Imprenditore spagnolo spiega come i Castro utilizzano GAESA per depredare Cuba



Coque Yustas (El Inconformista)Foto © Instagram @el.incorformista

L'imprenditore e comunicatore asturiano Coque Yustas, creatore del podcast El Inconformista, ha pubblicato un video su Instagram nel quale spiega con dettaglio come il conglomerato imprenditoriale GAESA operi come un meccanismo di arricchimento della dirigenza castrista a spese del popolo cubano.

Nel video di quasi tre minuti, intitolato «GAESA: Come i Castro hanno saccheggiato Cuba», Yustas pone una domanda che riassume il nucleo della sua analisi.

«Com'è possibile che, per quanto inefficace e disastrosa possa essere la gestione dei proceri comunisti cubani, abbiano preso un paese che occupava i primi posti a livello mondiale in termini di prosperità e lo abbiano fatto scivolare praticamente al livello dei paesi più poveri dell'Africa?»

La sua risposta è diretta: non si tratta solo di incompetenza, ma di corruzione deliberata.

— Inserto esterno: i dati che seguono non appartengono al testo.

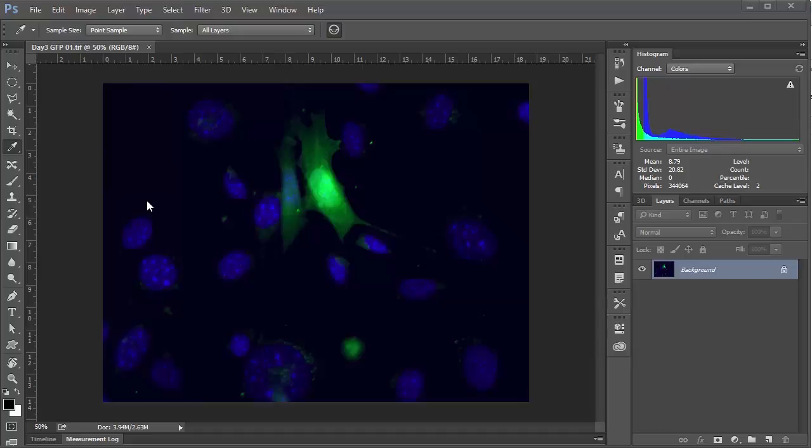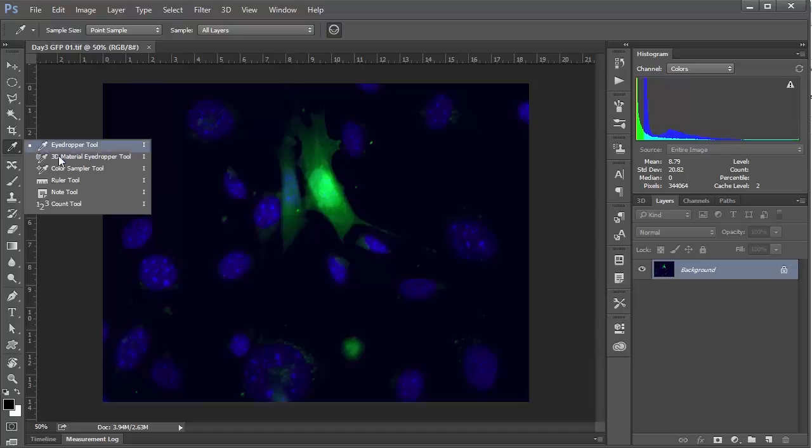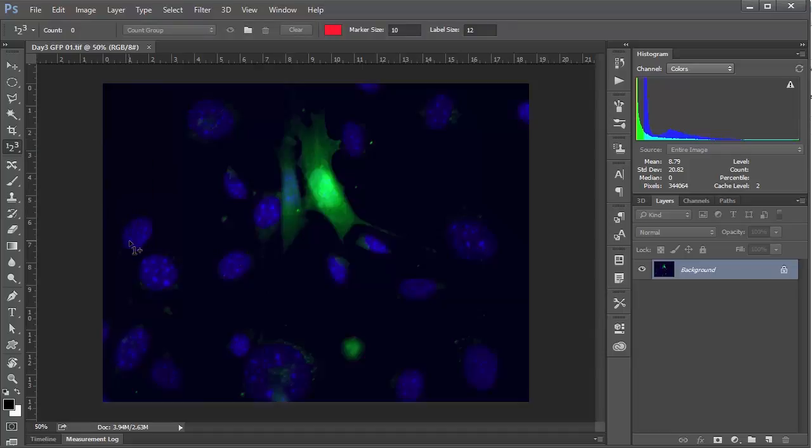So to get to the count tool, we can click and hold the eyedropper tool and select count tool, and then you just click whatever it is you want to count. And so I'll count a few of these cells here.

«Le necessità e la miseria che sta vivendo il popolo cubano avvengono a spese dell'arricchimento della cúpula militare dei dirigenti comunisti del paese, dei generali», afferma.

Yustas descrive un GAESA —Grupo de Administración Empresarial S.A.— come un «governo parallelo» che controlla il 40% del PIL cubano senza rendere conto all'Assemblea Nazionale, ai cittadini né a nessuna istituzione.

«GAESA è un governo ombra, un governo che nomina e destituisce ministri perché è il vero potere a Cuba», osserva.

Il conglomerato è stato creato negli anni novanta dai fratelli Fidel e Raúl Castro dopo il crollo sovietico ed è stato diretto per 26 anni dal generale Luis Alberto Rodríguez López-Calleja, genero di Raúl Castro, fino alla sua morte il 1 luglio 2022.

Yustas compare questo scenario con le monarchie ereditarie: «I comunisti cubani sono come le monarchie ereditarie ma in versione repubblicana», dice, sottolineando che dopo Rodríguez López-Calleja il controllo è passato nelle mani di Raúl Guillermo Rodríguez Castro (Il Granchio), che non guida occupando la carica ufficiale ma dall'ombra, dietro le quinte.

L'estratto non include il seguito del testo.